[[ Entries provided open ]]
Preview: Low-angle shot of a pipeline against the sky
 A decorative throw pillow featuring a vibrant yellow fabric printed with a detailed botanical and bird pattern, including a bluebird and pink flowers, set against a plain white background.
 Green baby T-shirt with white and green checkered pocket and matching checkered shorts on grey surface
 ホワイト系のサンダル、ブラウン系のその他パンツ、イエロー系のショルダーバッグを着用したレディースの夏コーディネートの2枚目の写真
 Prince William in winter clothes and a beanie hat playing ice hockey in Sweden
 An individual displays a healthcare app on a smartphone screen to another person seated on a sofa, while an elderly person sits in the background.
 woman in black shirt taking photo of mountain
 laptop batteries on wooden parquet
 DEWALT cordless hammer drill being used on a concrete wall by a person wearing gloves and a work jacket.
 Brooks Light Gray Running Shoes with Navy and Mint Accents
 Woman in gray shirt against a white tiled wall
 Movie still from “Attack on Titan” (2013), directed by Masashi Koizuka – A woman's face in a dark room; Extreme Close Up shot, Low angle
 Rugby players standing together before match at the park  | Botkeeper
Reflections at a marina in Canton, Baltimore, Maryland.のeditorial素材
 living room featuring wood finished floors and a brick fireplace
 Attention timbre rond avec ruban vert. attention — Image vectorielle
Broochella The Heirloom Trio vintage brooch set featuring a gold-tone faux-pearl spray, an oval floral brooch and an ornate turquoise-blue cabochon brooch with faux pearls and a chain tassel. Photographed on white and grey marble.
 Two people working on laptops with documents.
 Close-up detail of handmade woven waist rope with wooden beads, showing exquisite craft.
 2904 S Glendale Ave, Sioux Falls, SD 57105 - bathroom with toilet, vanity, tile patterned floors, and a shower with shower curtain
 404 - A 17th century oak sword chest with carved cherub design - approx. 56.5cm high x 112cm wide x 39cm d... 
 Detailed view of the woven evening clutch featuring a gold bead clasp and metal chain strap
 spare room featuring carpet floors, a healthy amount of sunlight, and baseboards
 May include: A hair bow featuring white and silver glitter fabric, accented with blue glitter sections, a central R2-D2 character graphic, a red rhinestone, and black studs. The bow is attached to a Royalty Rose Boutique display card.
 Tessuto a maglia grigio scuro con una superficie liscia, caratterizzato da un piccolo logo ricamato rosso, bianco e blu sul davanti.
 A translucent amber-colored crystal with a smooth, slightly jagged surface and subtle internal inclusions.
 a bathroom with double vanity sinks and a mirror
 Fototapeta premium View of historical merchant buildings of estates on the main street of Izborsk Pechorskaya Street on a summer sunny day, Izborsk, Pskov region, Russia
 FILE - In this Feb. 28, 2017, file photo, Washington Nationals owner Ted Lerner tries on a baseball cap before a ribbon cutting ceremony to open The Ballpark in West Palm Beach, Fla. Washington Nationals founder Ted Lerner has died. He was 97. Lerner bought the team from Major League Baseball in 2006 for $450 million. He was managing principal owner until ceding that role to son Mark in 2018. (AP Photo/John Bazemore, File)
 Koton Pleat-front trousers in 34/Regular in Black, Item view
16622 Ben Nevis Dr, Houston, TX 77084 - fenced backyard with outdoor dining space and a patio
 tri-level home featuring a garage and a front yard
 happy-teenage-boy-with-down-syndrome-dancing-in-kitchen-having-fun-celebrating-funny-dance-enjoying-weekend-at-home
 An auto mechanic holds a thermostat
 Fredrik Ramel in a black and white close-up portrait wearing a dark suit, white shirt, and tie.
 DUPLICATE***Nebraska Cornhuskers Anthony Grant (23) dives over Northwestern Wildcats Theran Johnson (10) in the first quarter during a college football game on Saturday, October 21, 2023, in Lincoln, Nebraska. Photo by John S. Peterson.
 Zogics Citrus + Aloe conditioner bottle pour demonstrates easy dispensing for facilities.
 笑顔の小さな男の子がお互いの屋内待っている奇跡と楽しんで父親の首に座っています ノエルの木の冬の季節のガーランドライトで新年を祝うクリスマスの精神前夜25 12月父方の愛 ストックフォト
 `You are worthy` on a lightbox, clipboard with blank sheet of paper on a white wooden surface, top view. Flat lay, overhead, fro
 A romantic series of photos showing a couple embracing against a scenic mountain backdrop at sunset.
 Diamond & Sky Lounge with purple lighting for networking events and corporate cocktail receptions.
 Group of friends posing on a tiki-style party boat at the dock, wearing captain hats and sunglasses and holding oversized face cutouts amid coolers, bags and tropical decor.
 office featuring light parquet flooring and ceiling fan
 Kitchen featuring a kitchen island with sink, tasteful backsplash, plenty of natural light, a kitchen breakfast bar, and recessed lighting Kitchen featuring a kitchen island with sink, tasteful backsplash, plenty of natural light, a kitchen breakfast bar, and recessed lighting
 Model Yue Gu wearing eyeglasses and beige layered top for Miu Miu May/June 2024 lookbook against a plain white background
[[ Entries provided closed ]]
■ To do ■
In the listing, find each line with the string "mountain" and copy it.

■ Response ■
 woman in black shirt taking photo of mountain
 A romantic series of photos showing a couple embracing against a scenic mountain backdrop at sunset.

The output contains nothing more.